Kamel Mouzawak : « la cuisine est un langage »

Kamal Mouzawak, la cuisine est un langage

Ce matin, une nouvelle fois, il fait un temps magnifique, à Douma (1000 mètres d’altitude), au nord du Liban dans les monts Batroun.  Kamal  Mouzawak, activiste culinaire, prend son temps dans le jardin de sa maison d’hôtes Beit Douma, une demeure du 19eme siècle d’architecture traditionnelle avec solides pierres, fenêtres aux triples arcades et plafonds voutés. Dans sa tasse, de la citronnelle du jardin (parfois c’est de la verveine) et pour accompagner, des prunes en compotée. Elles sont bien mures et rejoindront aussi la tarte de l’après-midi.

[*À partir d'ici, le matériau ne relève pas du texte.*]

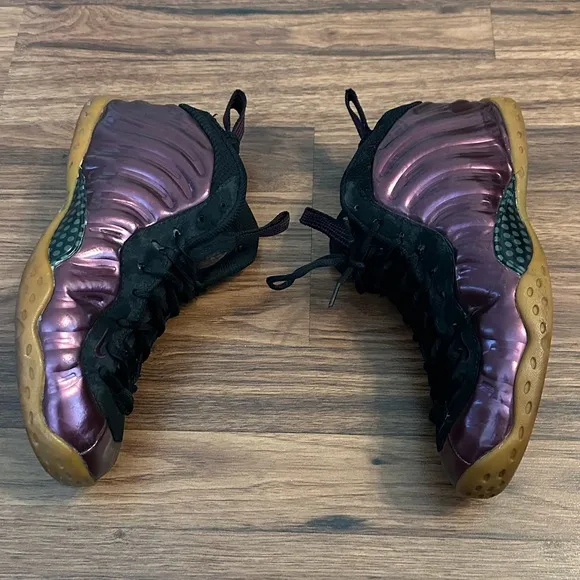 Nike Air Foamposite One Maroon Sneakers, Size: Size: 8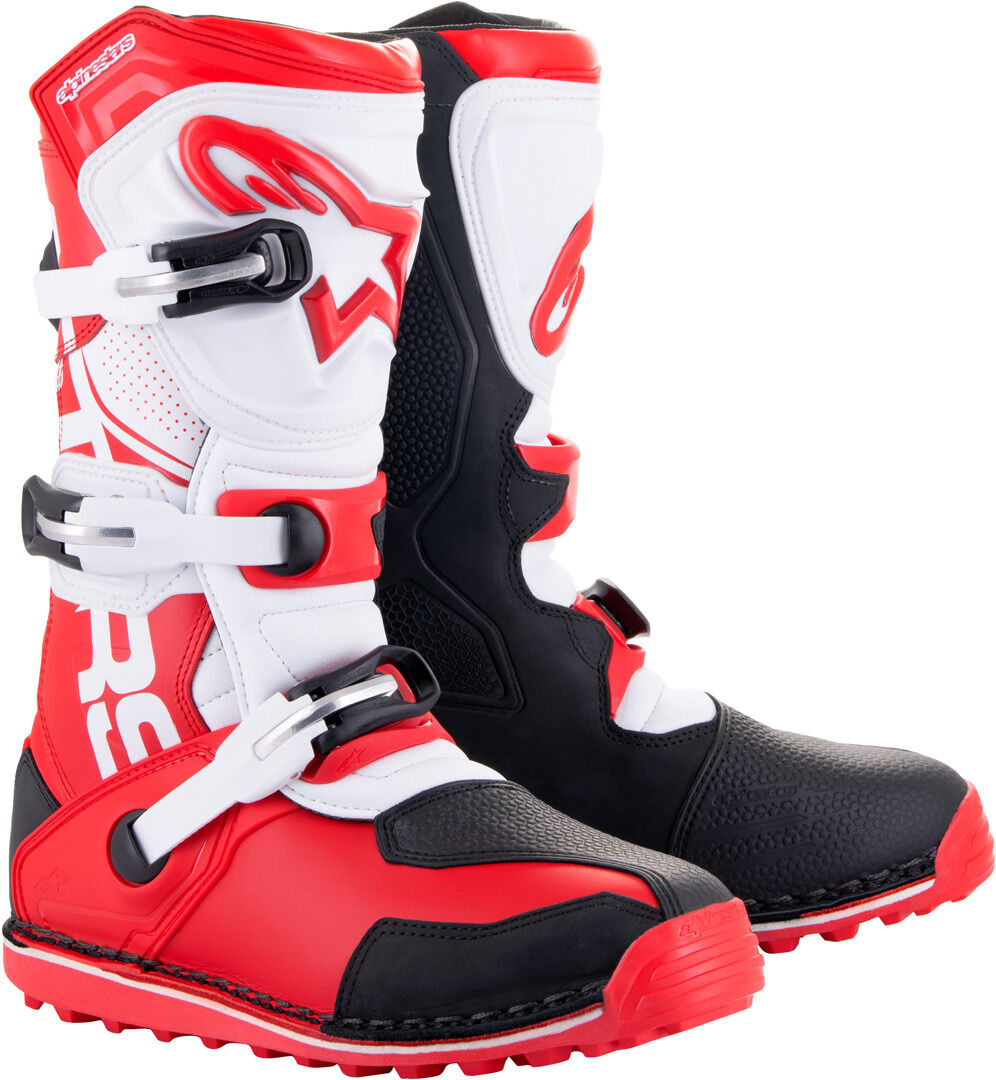 Alpinestars Tech-T Botas de moto - Blanco Rojo (44 45)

La nourriture pour Kamal est plus qu’un aliment. C’est un langage. Il a connu Beyrouth dans tous ses états, des plus graves aux plus lumineux. De toutes ces années, reste un fil conducteur, variant et contrastant comme la mer et la montagne, les chrétiens et les musulmans. « C’est un tout dit il, comme dans un tajine. Tous les éléments participent, aucun ne prend le dessus, c’est le message universel de ce plat ». Kamal relit en ce milieu d’été le « bon à tirer » de son livre dédié aux cuisines du Liban (éditions Marabout), son pays natal. Ce livre après lequel il a longuement cheminé, allant de villages en villages, de foyer en foyer. C’est ici qu’il a compris que la « vraie » gastronomie  s’épanouissait. « On est loin des nourritures de l’agro alimentaire ou de celles de chefs. Eux, ce sont plutôt des chefs d’entreprise travaillant à se faire connaitre, à éblouir, faire des performances, équilibrer un chiffre d’affaires. Moi et mes amis, nous nous tournons plutôt vers celle des mères, des mamans qui pensent aux leurs, en faisant attention à la fraîcheur des produits, à l’argent du foyer, à la bonne santé. Ces plats participent du don, de l’offrande, de l’amour. C’est la cuisine de l’émotion ».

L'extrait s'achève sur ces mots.